**WHAT THE TASK REQUIRES:** Every entry below needs to be printed again exactly, with its pictures left out.
Content starts
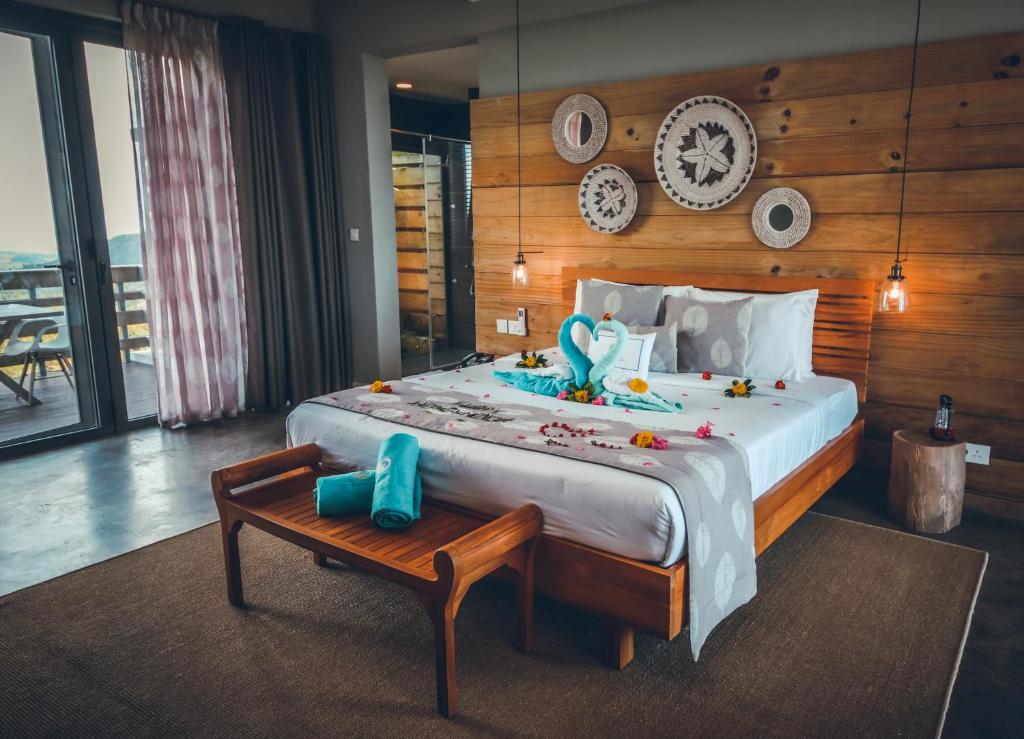 Deluxe Chalet Bed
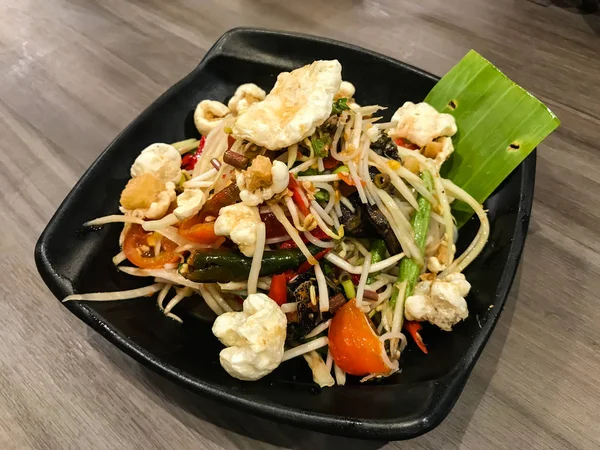 Thaise papaja salade of Som Tom — Stockfoto
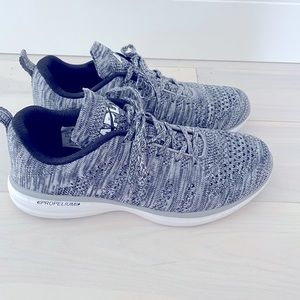 APL Women’s sneakers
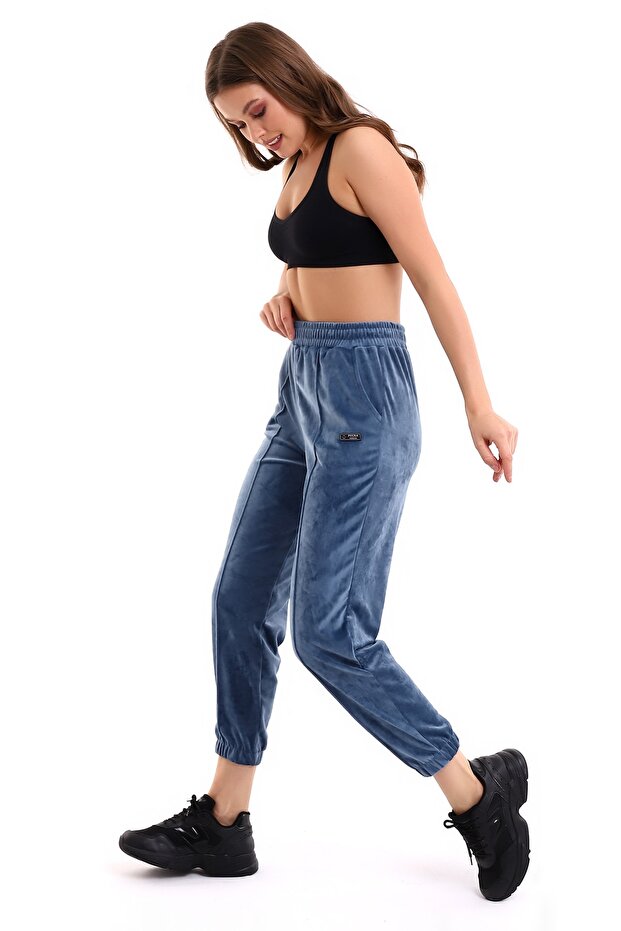 Кадифен анцуг - 2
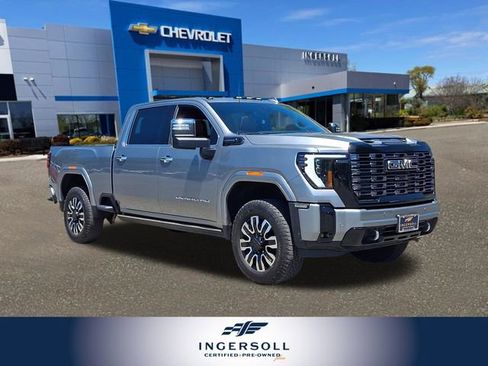 Used 2025 GMC Sierra 2500 Denali Ultimate AWD/4WD image 1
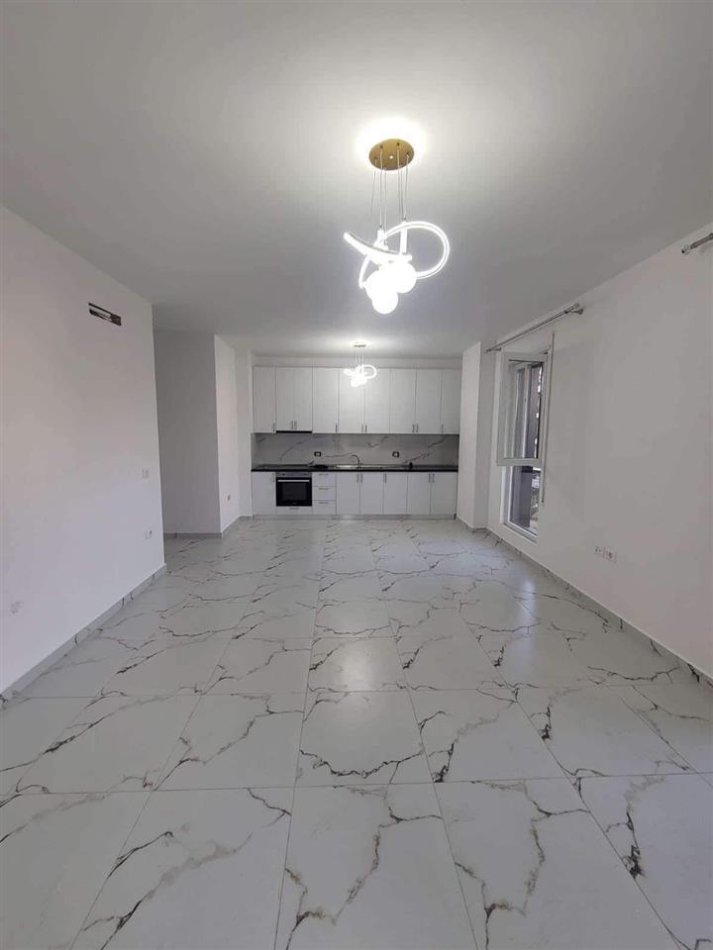 Tirane, jepet me qera apartament 2+1 Kati 2, 100 m² 500 € (Laprake)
Content ends
**RESPONSE:**
 Deluxe Chalet Bed
 Thaise papaja salade of Som Tom — Stockfoto
 APL Women’s sneakers
 Кадифен анцуг - 2
 Used 2025 GMC Sierra 2500 Denali Ultimate AWD/4WD image 1
 Tirane, jepet me qera apartament 2+1 Kati 2, 100 m² 500 € (Laprake)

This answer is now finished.